**Exercise description**
Locate the line that contains "17 Chestnut Close, Wilmslow photo 4". Retype it and every line after it to the end of the records, exactly, but not the pictures.

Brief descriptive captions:

● ● ● ● ● ● ●

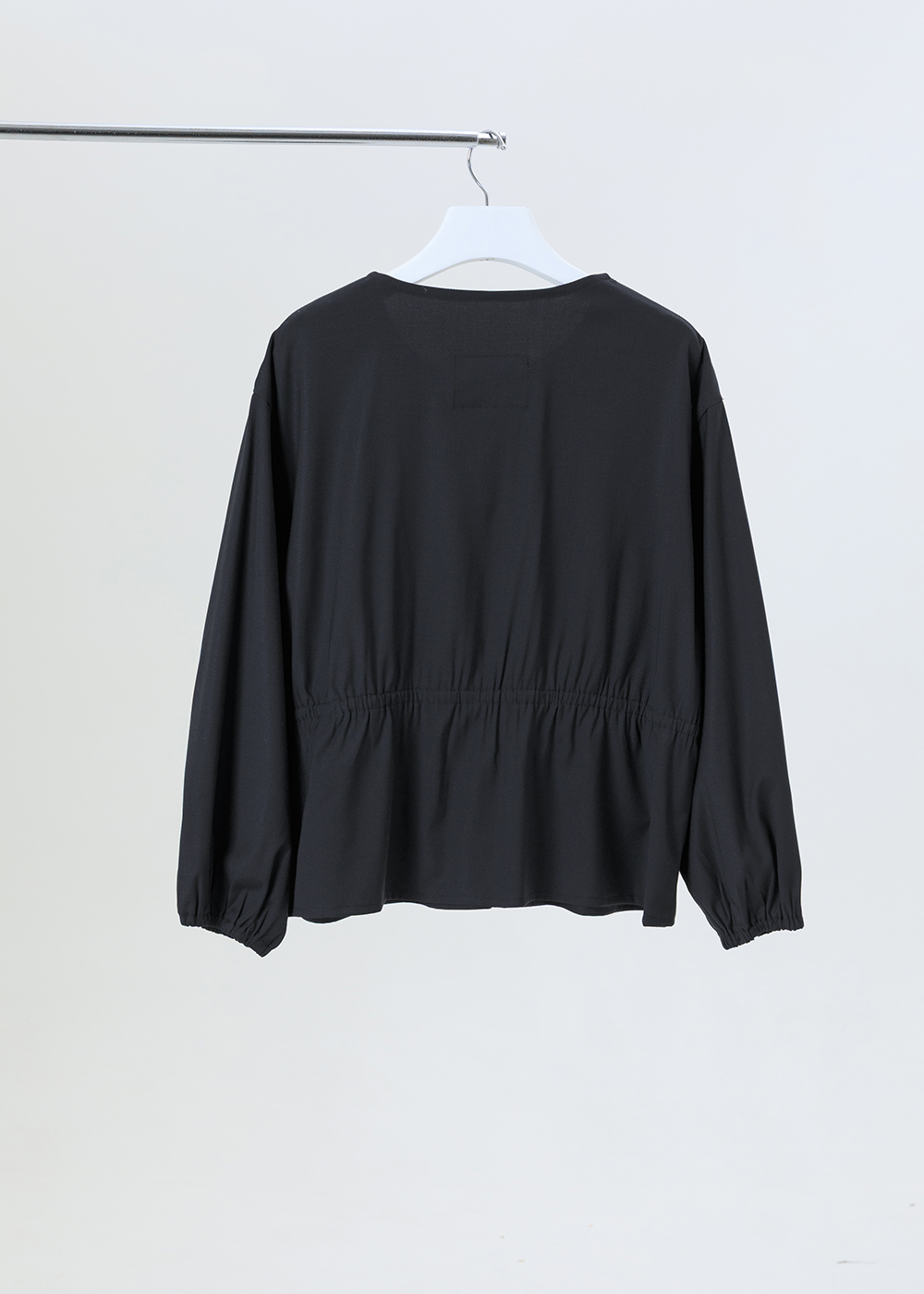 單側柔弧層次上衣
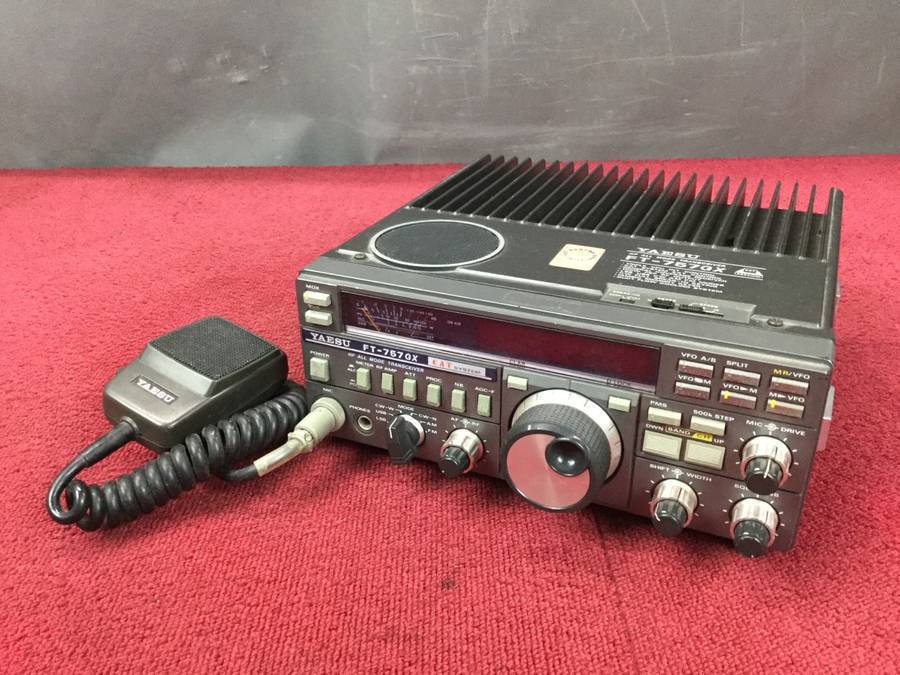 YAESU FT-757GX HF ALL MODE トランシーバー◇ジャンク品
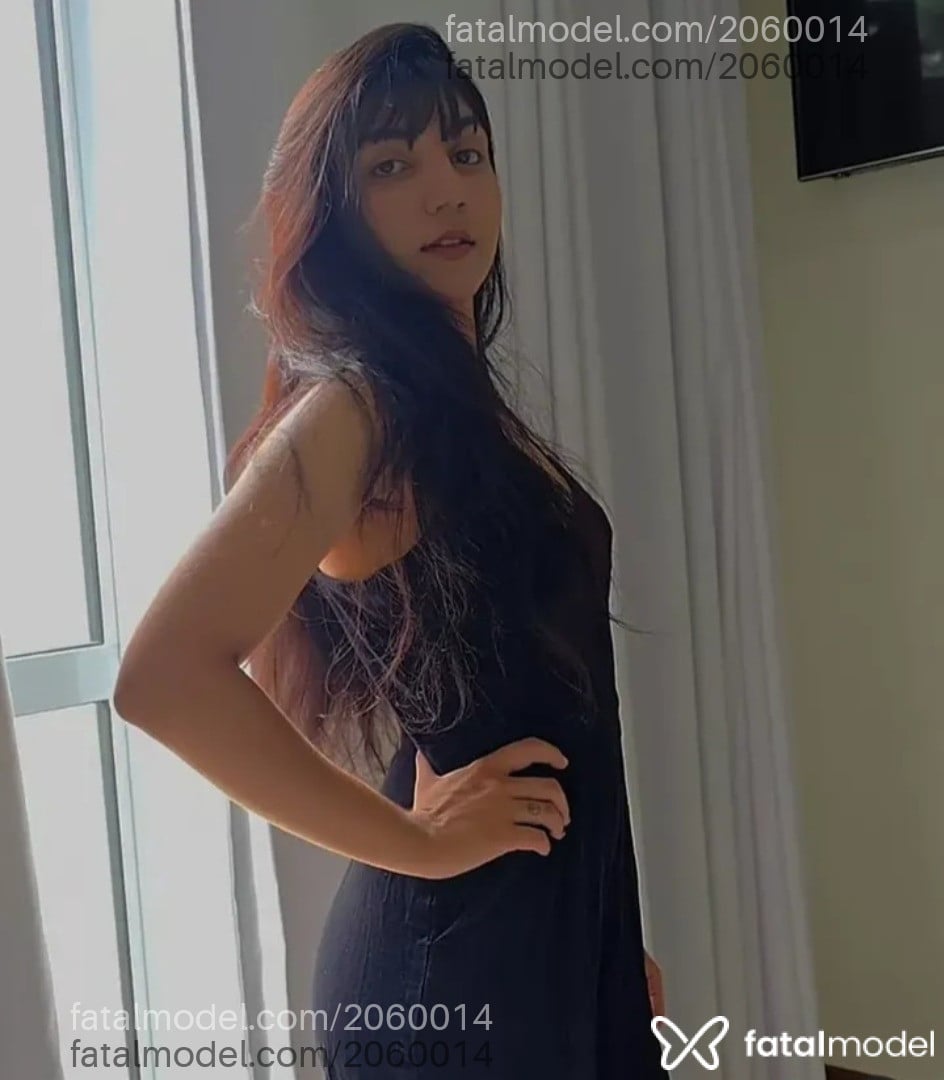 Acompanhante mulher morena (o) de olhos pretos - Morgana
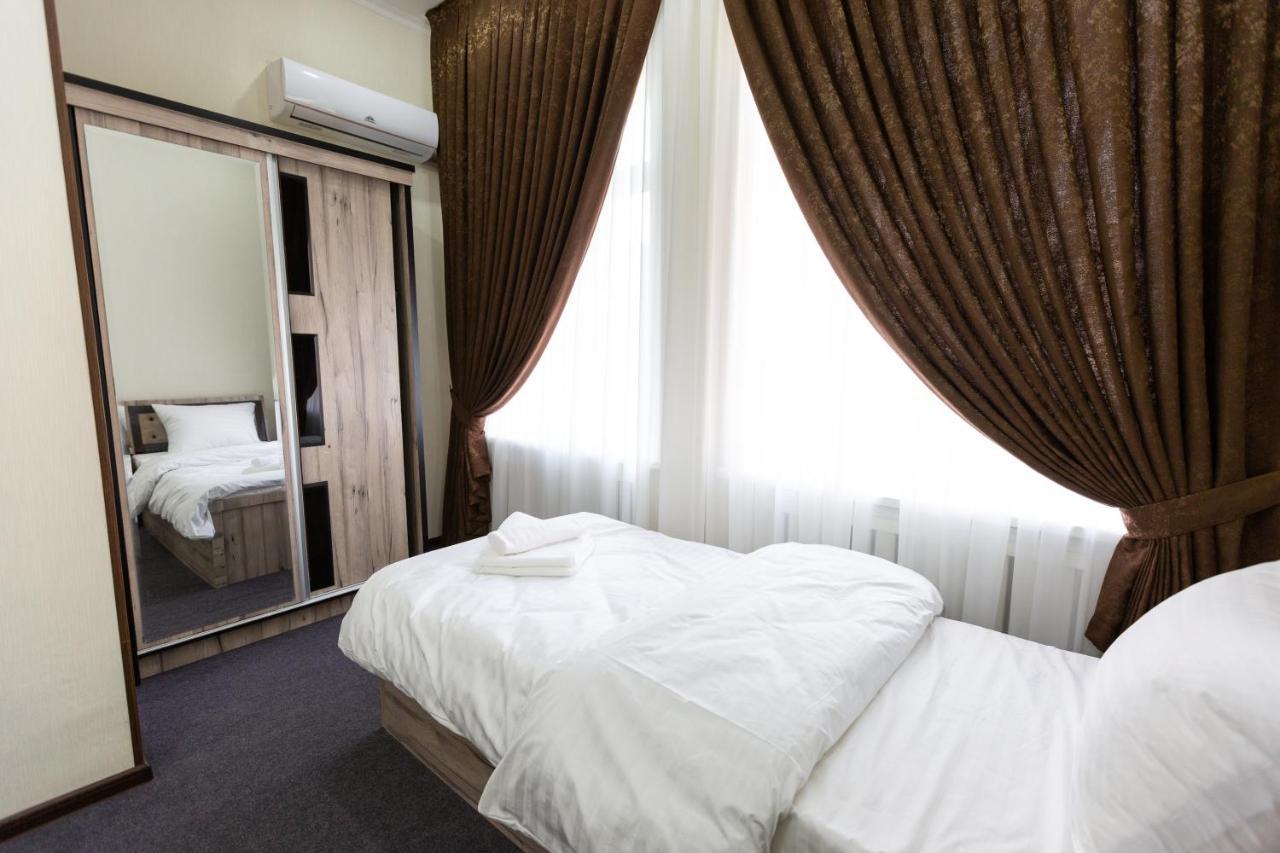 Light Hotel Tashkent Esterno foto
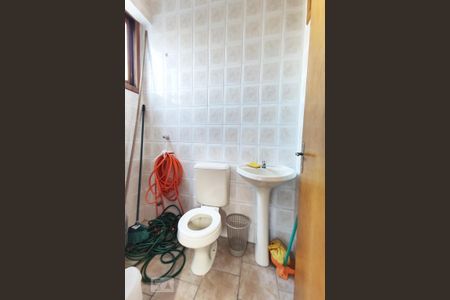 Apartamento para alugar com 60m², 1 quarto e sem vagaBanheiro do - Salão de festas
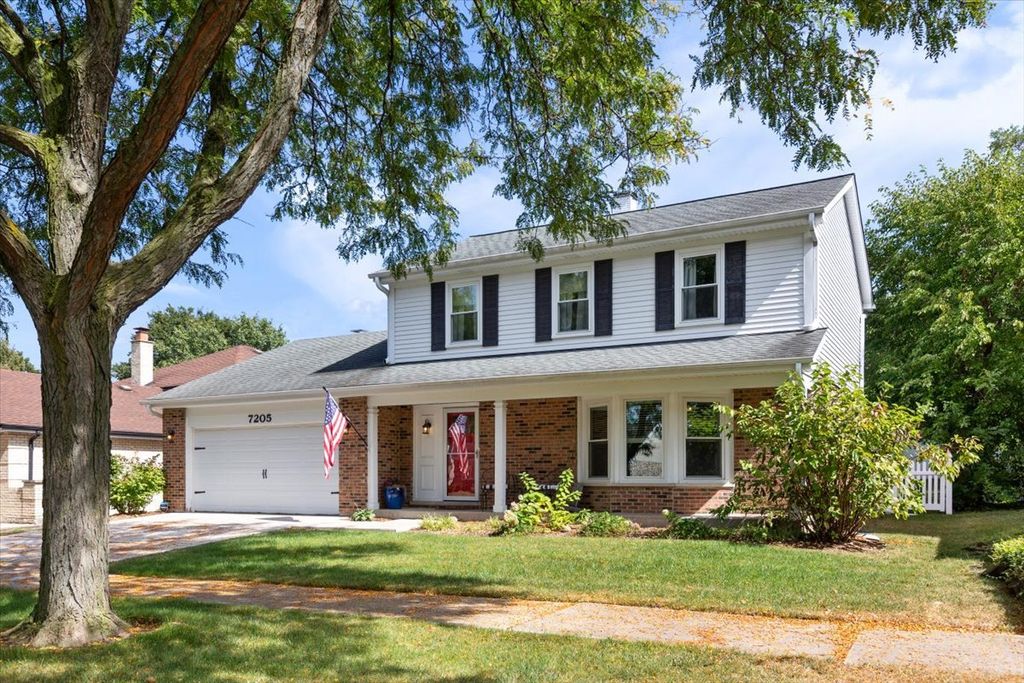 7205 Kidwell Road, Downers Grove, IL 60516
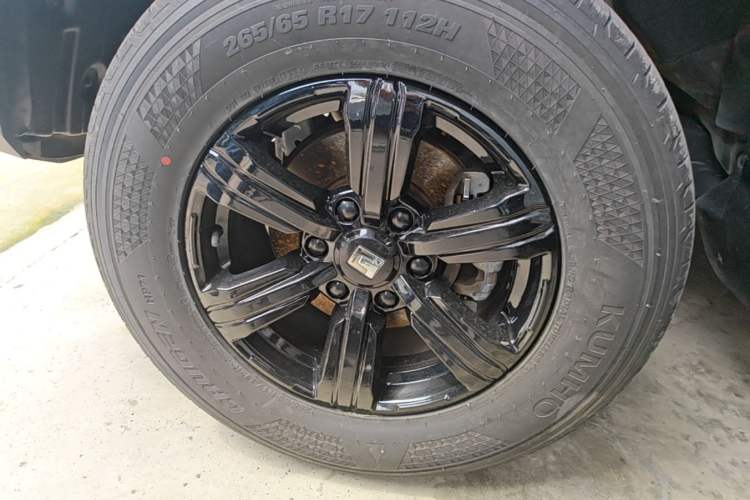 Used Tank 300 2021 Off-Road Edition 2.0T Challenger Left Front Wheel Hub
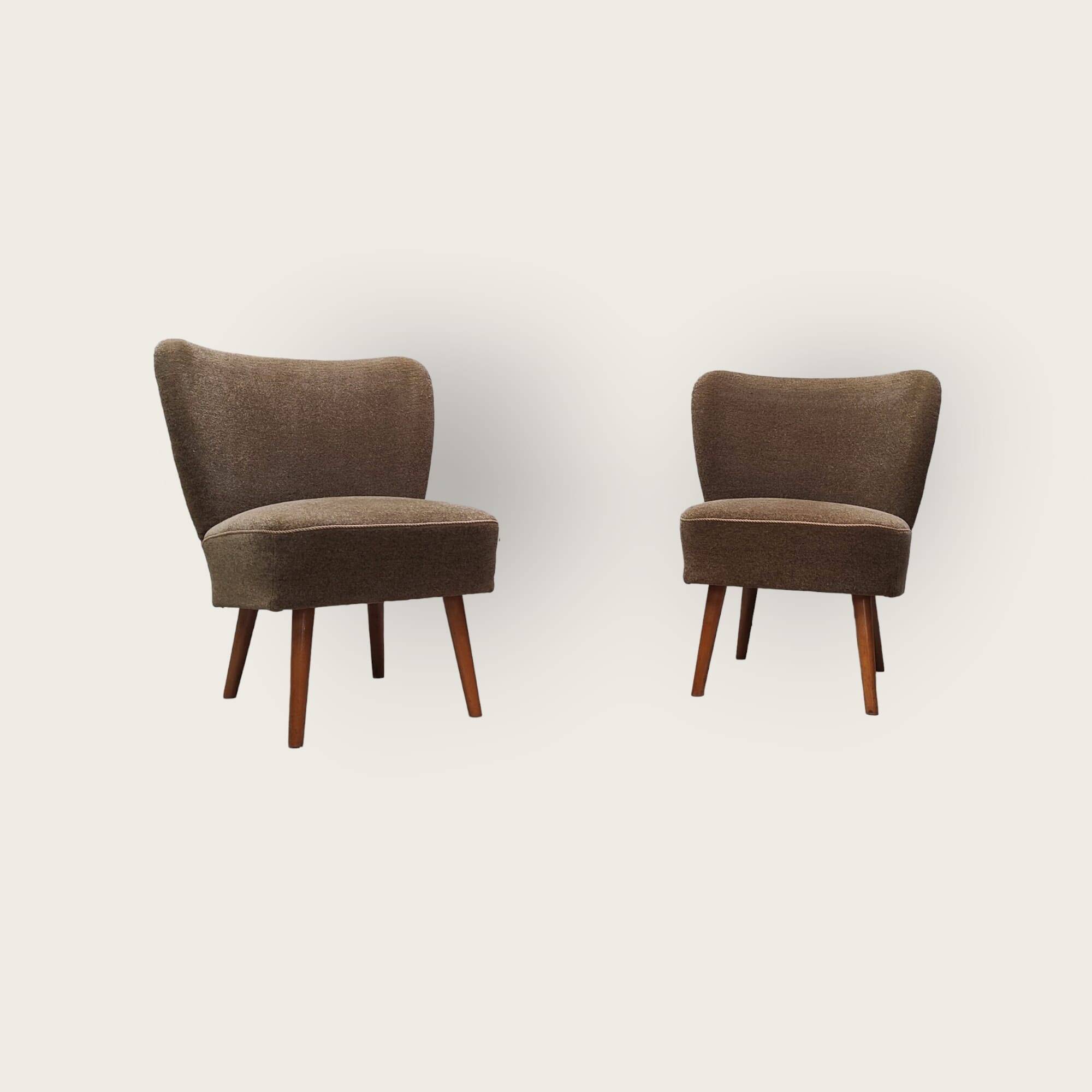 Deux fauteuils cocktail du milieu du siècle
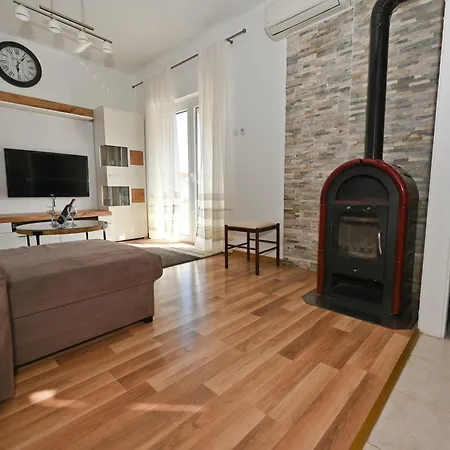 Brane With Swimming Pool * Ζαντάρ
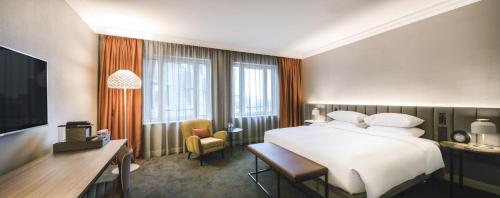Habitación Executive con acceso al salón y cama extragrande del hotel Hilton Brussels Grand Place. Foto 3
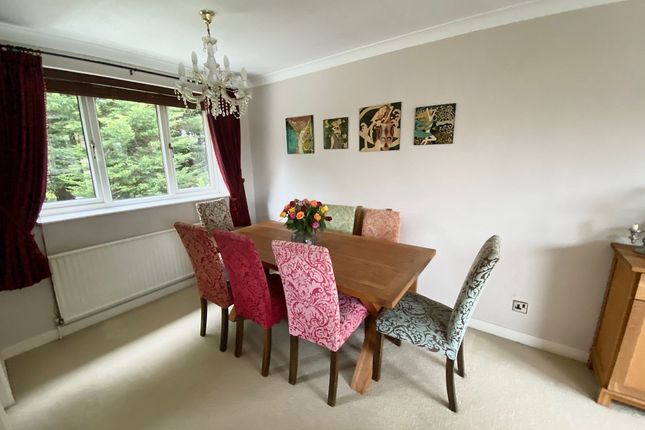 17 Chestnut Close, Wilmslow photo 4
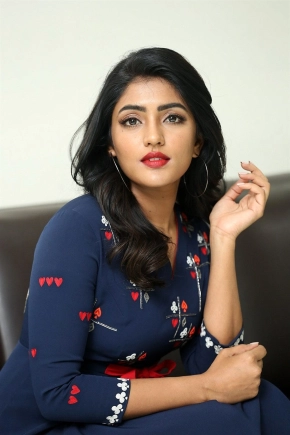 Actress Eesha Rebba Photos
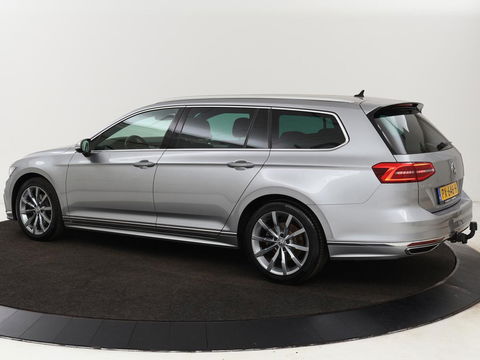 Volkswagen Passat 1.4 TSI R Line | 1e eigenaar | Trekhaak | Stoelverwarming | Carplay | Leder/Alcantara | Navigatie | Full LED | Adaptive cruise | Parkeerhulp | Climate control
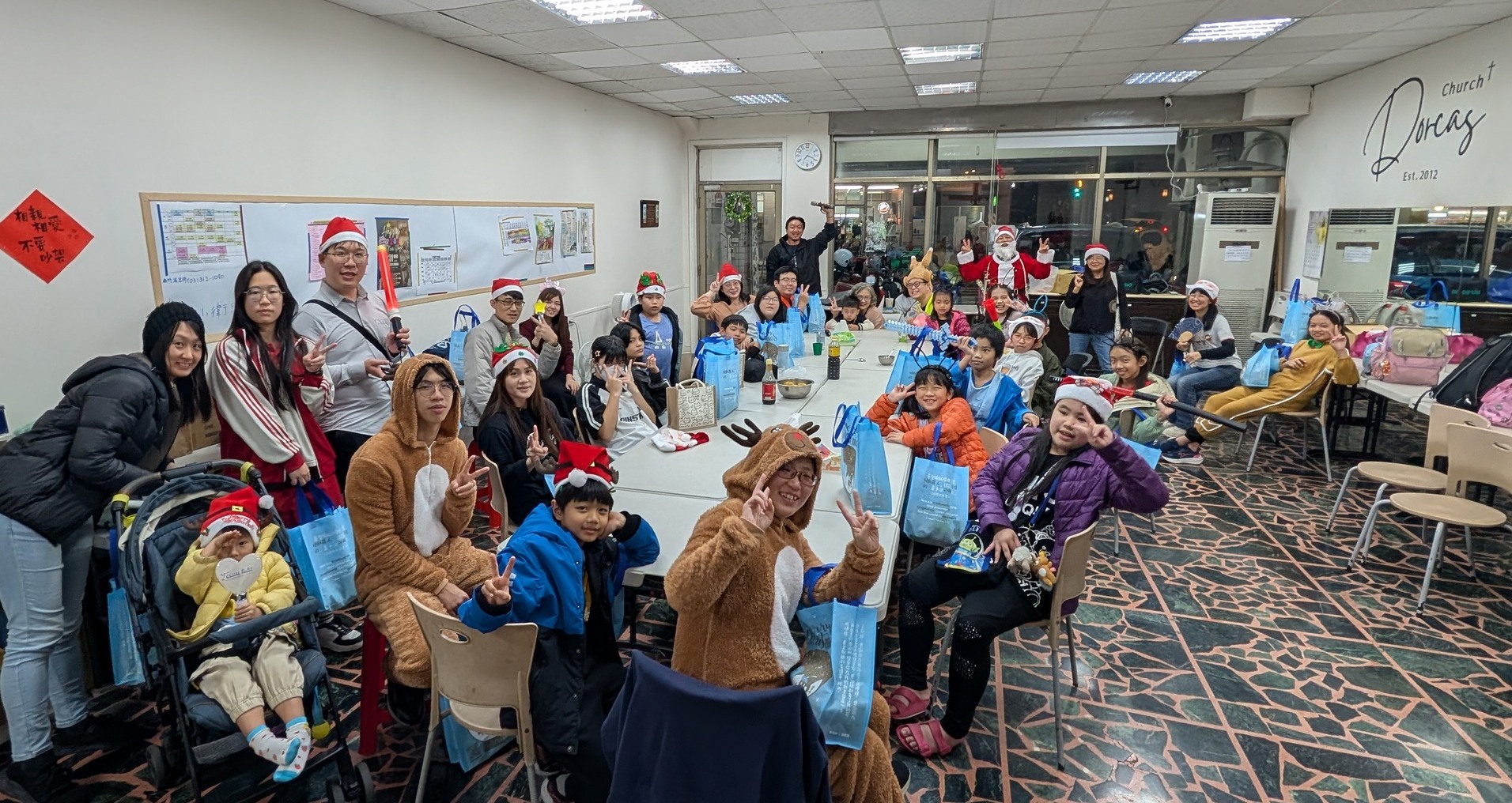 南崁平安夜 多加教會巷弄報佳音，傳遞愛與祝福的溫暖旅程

● ● ● ● ● ● ●

**Answer box**
 17 Chestnut Close, Wilmslow photo 4
 Actress Eesha Rebba Photos
 Volkswagen Passat 1.4 TSI R Line | 1e eigenaar | Trekhaak | Stoelverwarming | Carplay | Leder/Alcantara | Navigatie | Full LED | Adaptive cruise | Parkeerhulp | Climate control
 南崁平安夜 多加教會巷弄報佳音，傳遞愛與祝福的溫暖旅程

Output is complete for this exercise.